Did you know that? Gee, I sure didn't. I could have sworn that Pableaux Johnson, author of the lead travel piece today on out-of-the-way sights in Siena, was the Times Siena Bureau Chief! Thank you, Empty Suit, for setting us straight on that. We readers really are dumb, aren't we?
So it went for an entire column today. While other issues infuriate readers, such as its improper probe into Judge John Roberts' adoptions--Calame shilled for management on that in his "web journal" yesterday--our Empty Suit gamely focuses on trivia. That is very much his job, which is to sit at a desk, blow off reader concerns, and fill his occasional columns and cobweb-covered web journal with padded dissertations on subjects nobody cares about.

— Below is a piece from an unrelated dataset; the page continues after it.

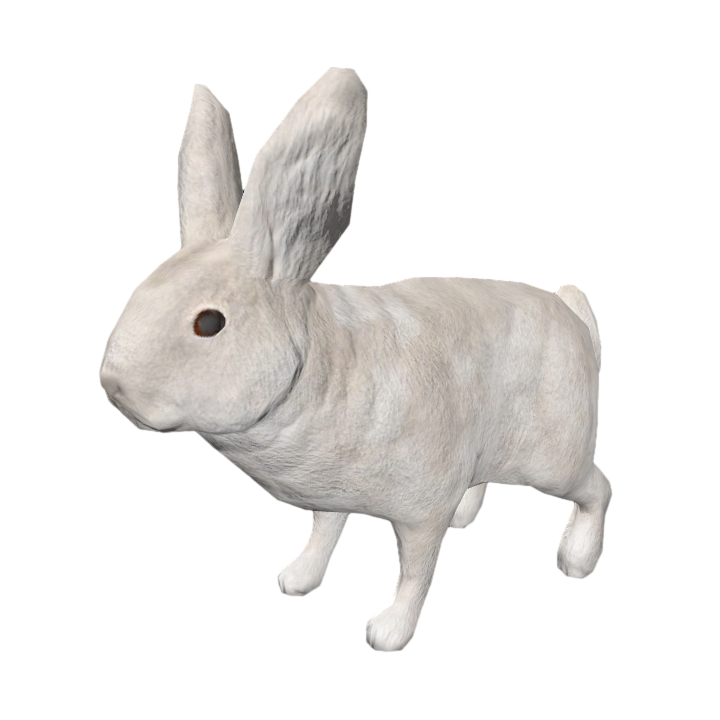 White Rabbit Next Generation 3D Animation Model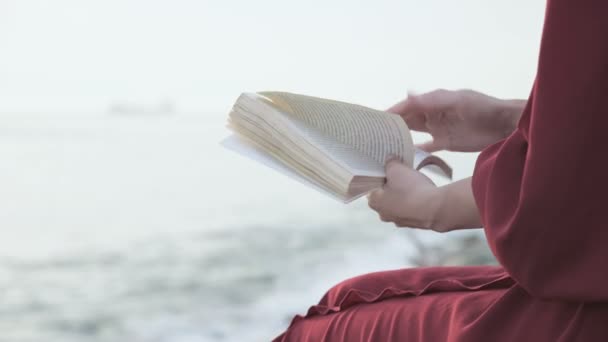 The view from behind the girl in a red dress reads leafs a book while sitting on the seashore. Hands close-up — ストック動画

As usual, our Times spokesman hews closely to the party line, with flackery such as "Monitoring and maintaining the paper's ethical and reporting standards among the growing and far-flung army of freelancers is a crucial and complex task." (Grand, isn't it? Sure makes up for the rampant bias and distortions elsewhere in the newspaper--you know, the stuff Barney is ignoring.)
Barney doesn't have much to say on the subject of freelancers. After all, it is not a real issue, just something to use to fill up empty space. That's his job -- to fill the space and occupy the position and do nothing to offend Times editors and reporters. Speaking of which, Barney isn't going to do anything to embarass any Times writers. He actually finds something interesting, which is that freelancers aren't acquainted with Times ethics rules, but he buries it down in his piece and, management shill that he is, withholds their names. Barney wraps up his softball piece by gently suggesting that the Times consider differentiating between freelancers and staffers.
Remember all the complaints that Times reporters used to have about Dan Okrent? That's not happening to Barney. He's an OK guy as far as the Times newsroom is concerned.
Back to the divan, Barney! Another nice job. Sleep well.